PROBLEM DETAILS:
Your job is to print, exactly, the lines in the data below from the line with "Children Of A" through the line with "各高校出招_大皖新闻 | 安徽网", both included, and to omit any picture.

[Captioned web images]
== == ==
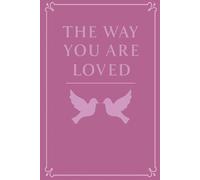 The Way You Are Loved: A Daily Love Note from the Heart That Sees You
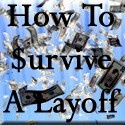 How To Survive A Layoff : Layoff, Unemployment, Money Saving Tips, Engineering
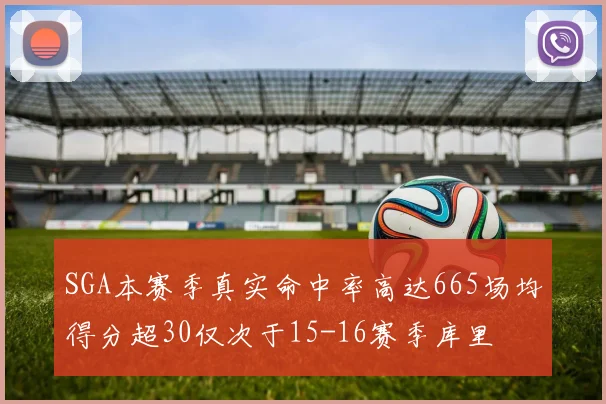 SGA本赛季真实命中率高达665场均得分超30仅次于15-16赛季库里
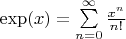 $\exp(x) = \sum\limits_{n=0}^\infty \frac{x^n}{n!}$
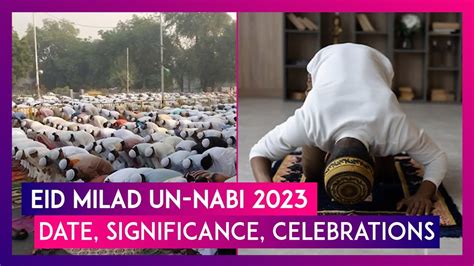 Eid Milad Un Nabi 2023 Date Significance How To Celebrate Prophet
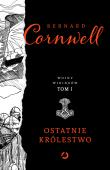 Ostatnie królestwo. Wojny wikingów. Tom 1. Autor: Bernard Cornwell. Dadada.pl Okładka książki Ostatnie królestwo. Wojny wikingów. Tom 1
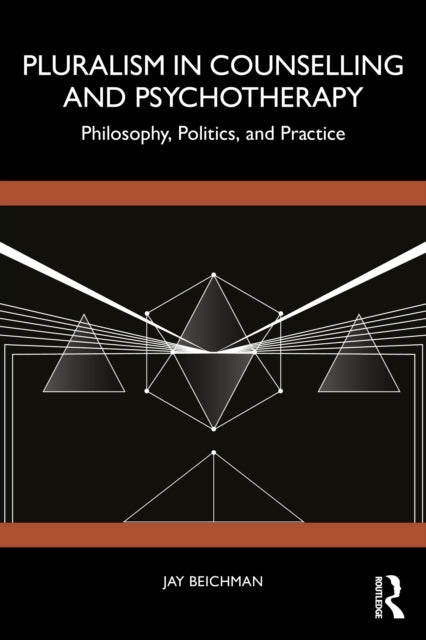 Pluralism in Counselling and Psychotherapy: Philosophy, Politics, and Practice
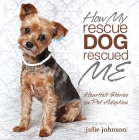 How My Rescue Dog Rescued Me Cover Image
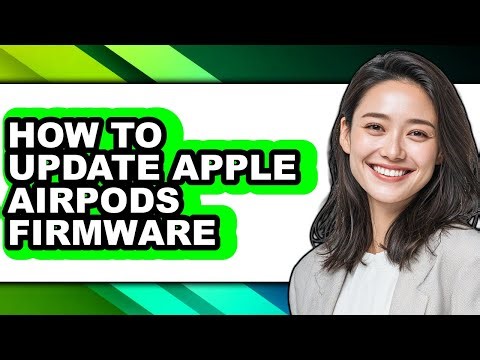 How to Update Apple Airpods Firmware - Easy Guide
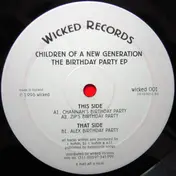 Children Of A New Generation - The Birthday Party EP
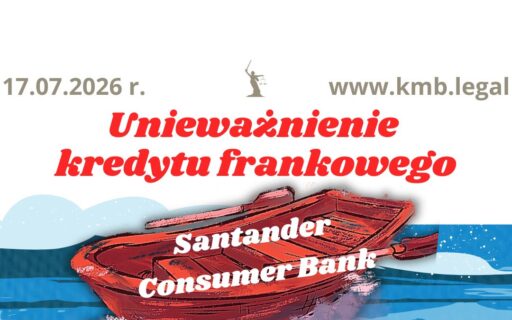 17.07.2026&nbsp;r. Wyroki przeciwko Santander Consumer Bank | Unieważnienie umowy kredytu CHF!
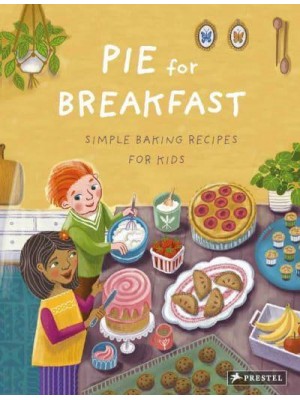 Pie for Breakfast A Baking Book for Children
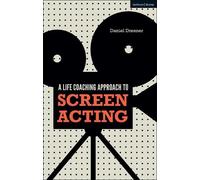 Daniel Dresner A Life-coaching Approach to Screen Acting (Tascabile)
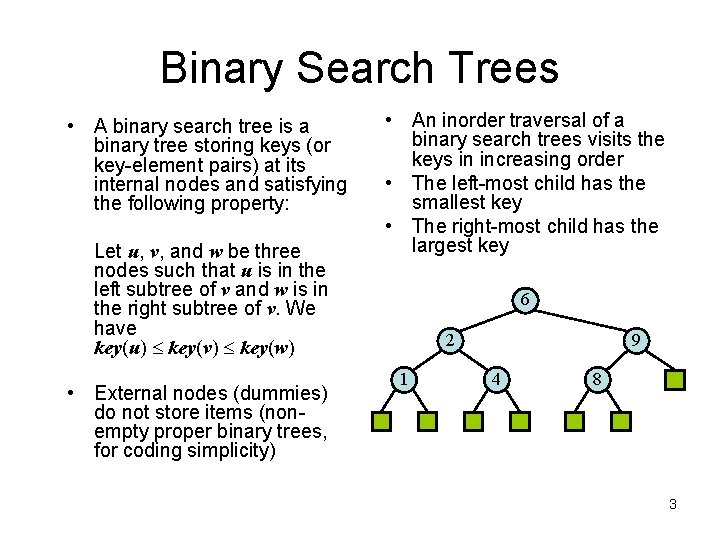 Binary Search Trees • A binary search tree is a binary tree storing keys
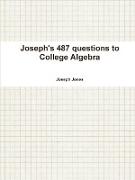 Joseph's 487 Questions to College Algebra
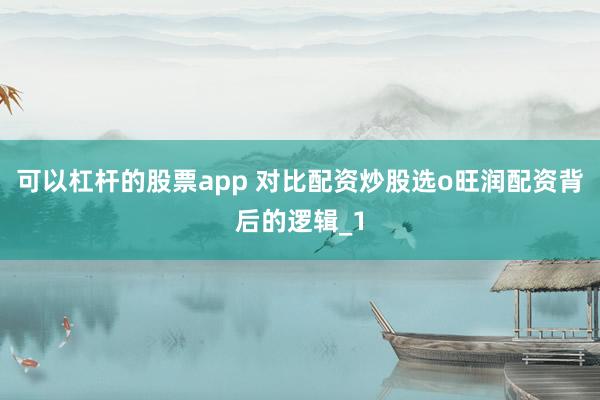 可以杠杆的股票app 对比配资炒股选o旺润配资背后的逻辑_1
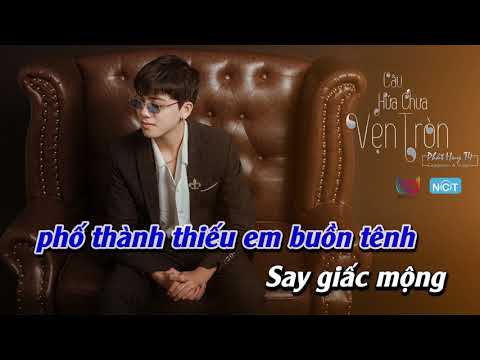 Karaoke | CÂU HỨA CHƯA VẸN TRÒN - PHÁT HUY T4 x HOÀNG GREEN || BEAT TONE NAM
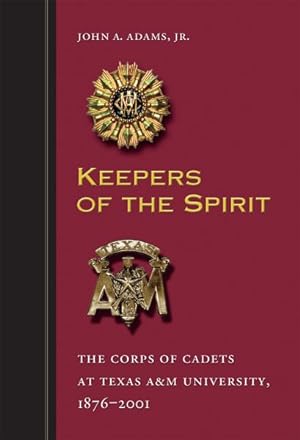 Image du vendeur pour Keepers of the Spirit : The Corps of Cadets at Texas A&M University, 1876-2001 mis en vente par GreatBookPrices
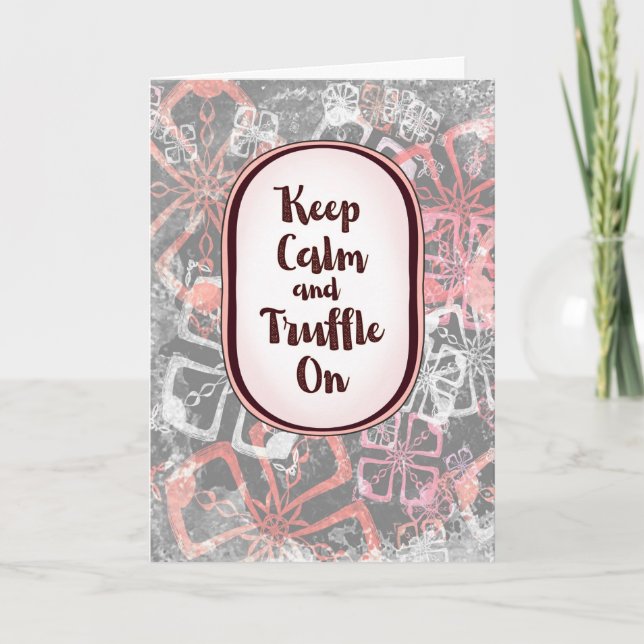 Tarjeta Truffle On – Encouragement Chocolate Collection (Anverso)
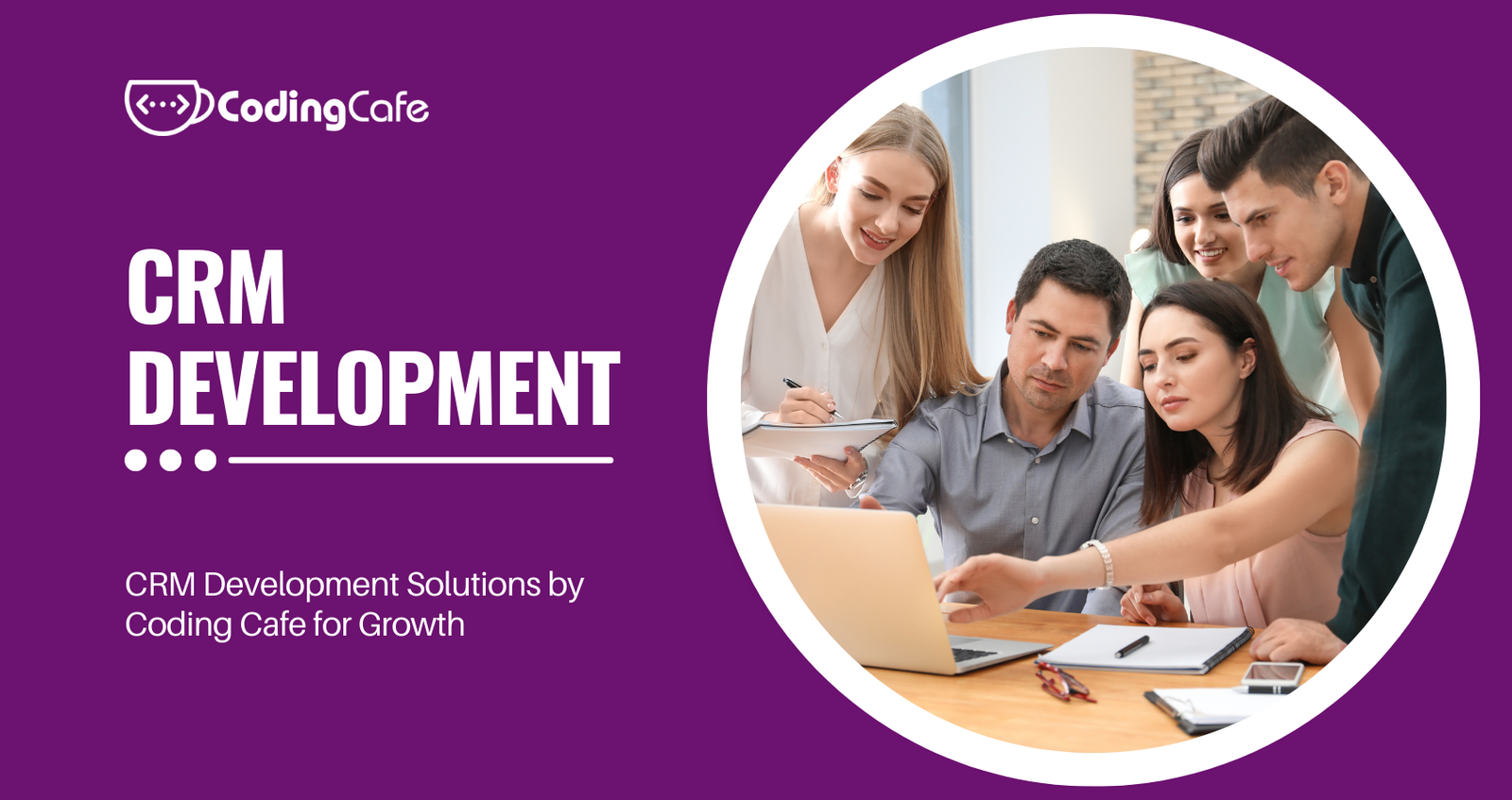 CRM Development Solutions by Coding Cafe for Growth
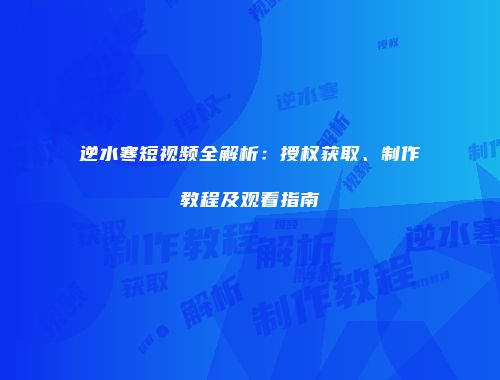 逆水寒短视频全解析：授权获取、制作教程及观看指南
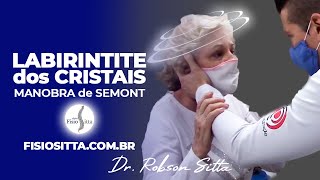 LABIRINTITE dos CRISTAIS MANOBRA de SEMONT CANAL LATERAL CUPULOLITÍASE Fisioterapia Dr. Robson Sitta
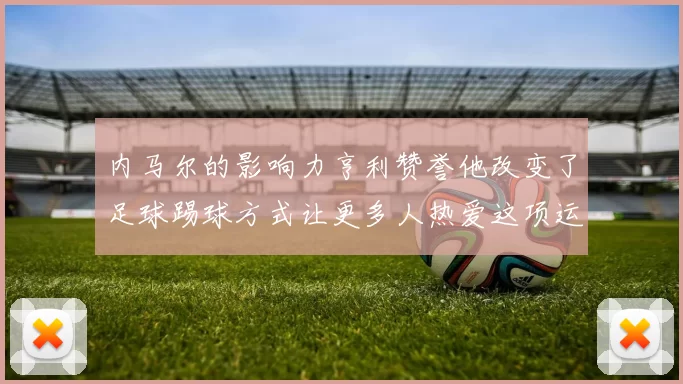 内马尔的影响力亨利赞誉他改变了足球踢球方式让更多人热爱这项运动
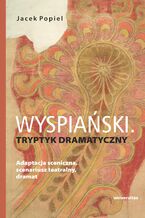 Wyspiański. Tryptyk dramatyczny. Adaptacja sceniczna, scenariusz teatralny, dramat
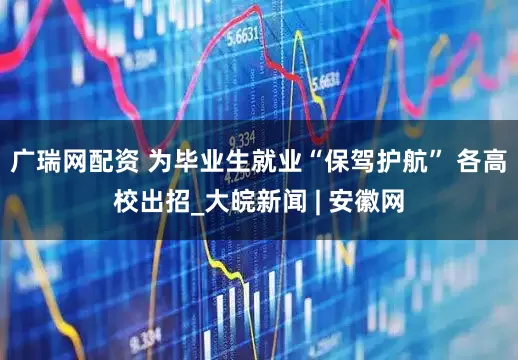 广瑞网配资 为毕业生就业“保驾护航” 各高校出招_大皖新闻 | 安徽网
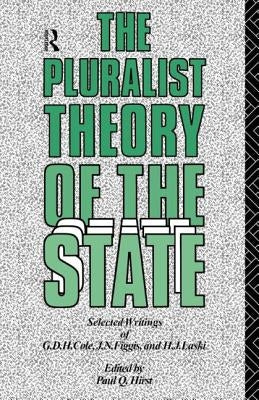 The Pluralist Theory of the State: Selected Writings of G.D.H. Cole, J.N. Figgis and H.J. Laski by Hirst, Paul Q.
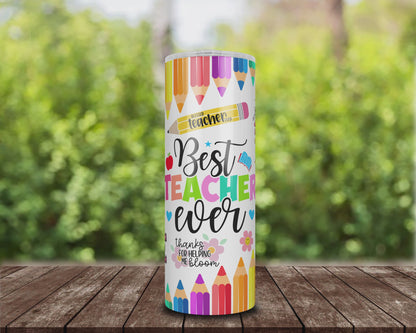 Best Teacher Ever Skinny Tumbler, 20oz, Colorful Teacher Gift, Back to School, Graduation, Appreciation Day, Cute Water Bottle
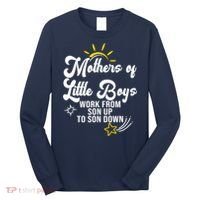 Funny Mothers of Little Boy Work From Son Up to Son Down Long Sleeve Shirt thumb 0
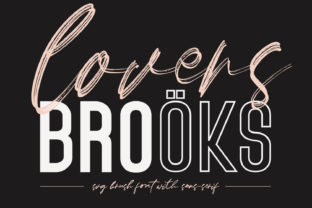 Lovers Brooks: A Font That Speaks to the Heart of Handmade Design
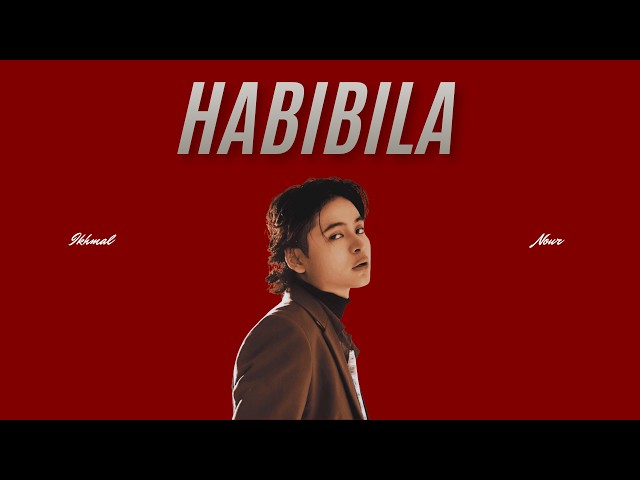 Habibila - Ikhmal Nour ( Video Lirik )
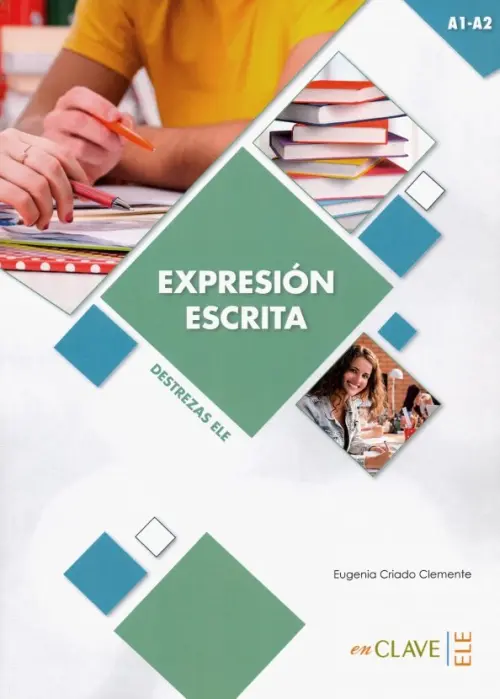 Expresion Escrita. A1-A2 - Ayala Gonzalez Marcelo, Criado Clemente Eugenia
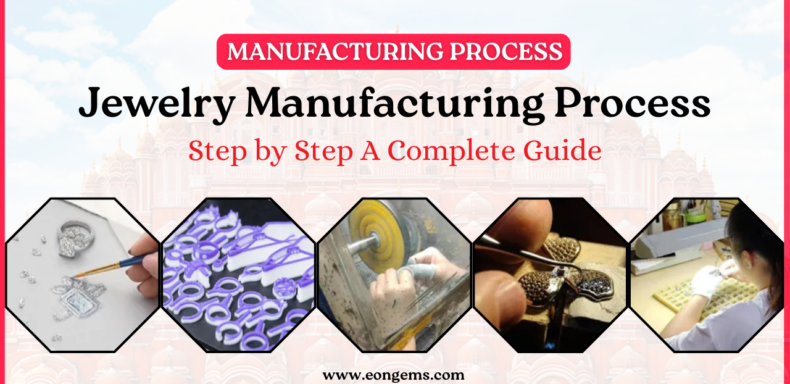 Jewelry Manufacturing Process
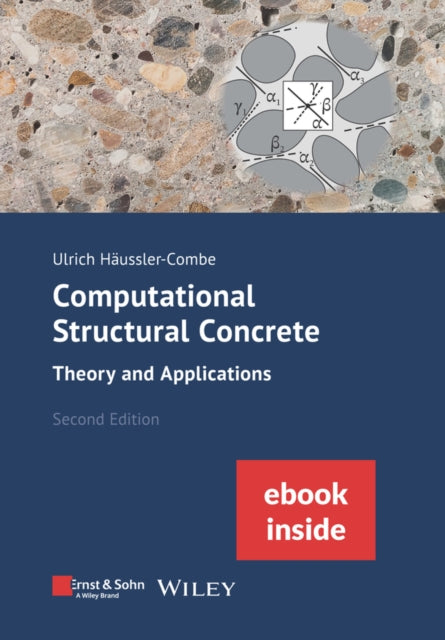 Computational Structural Concrete: Theory and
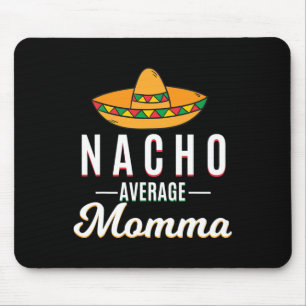 Tapis De Souris Nacho Moyenne Momma Cinco De Mayo Mexicaine Fiesta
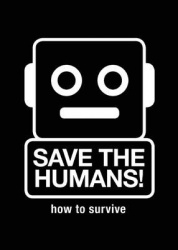 Save the Humans - How to Survive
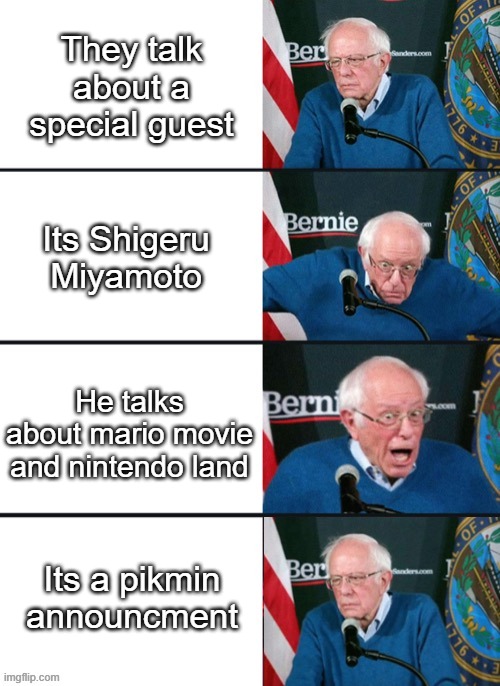The direct in a nutshell | They talk about a special guest; Its Shigeru Miyamoto; He talks about mario movie and nintendo land; Its a pikmin announcment | image tagged in bernie sander reaction change,nintendo,nintendo direct,mario,pikmin,shigeru miyamoto | made w/ Imgflip meme maker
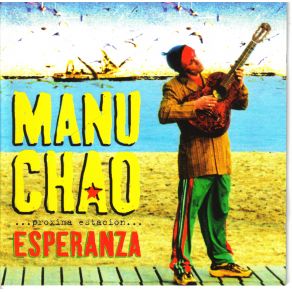 Download track Promiscuity Manu Chao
== == ==
ANSWER TO THE PROBLEM:
 Children Of A New Generation - The Birthday Party EP
 17.07.2026&nbsp;r. Wyroki przeciwko Santander Consumer Bank | Unieważnienie umowy kredytu CHF!
 Pie for Breakfast A Baking Book for Children
 Daniel Dresner A Life-coaching Approach to Screen Acting (Tascabile)
 Binary Search Trees • A binary search tree is a binary tree storing keys
 Joseph's 487 Questions to College Algebra
 可以杠杆的股票app 对比配资炒股选o旺润配资背后的逻辑_1
 Karaoke | CÂU HỨA CHƯA VẸN TRÒN - PHÁT HUY T4 x HOÀNG GREEN || BEAT TONE NAM
 Image du vendeur pour Keepers of the Spirit : The Corps of Cadets at Texas A&M University, 1876-2001 mis en vente par GreatBookPrices
 Tarjeta Truffle On – Encouragement Chocolate Collection (Anverso)
 CRM Development Solutions by Coding Cafe for Growth
 逆水寒短视频全解析：授权获取、制作教程及观看指南
 LABIRINTITE dos CRISTAIS MANOBRA de SEMONT CANAL LATERAL CUPULOLITÍASE Fisioterapia Dr. Robson Sitta
 内马尔的影响力亨利赞誉他改变了足球踢球方式让更多人热爱这项运动
 Wyspiański. Tryptyk dramatyczny. Adaptacja sceniczna, scenariusz teatralny, dramat
 广瑞网配资 为毕业生就业“保驾护航” 各高校出招_大皖新闻 | 安徽网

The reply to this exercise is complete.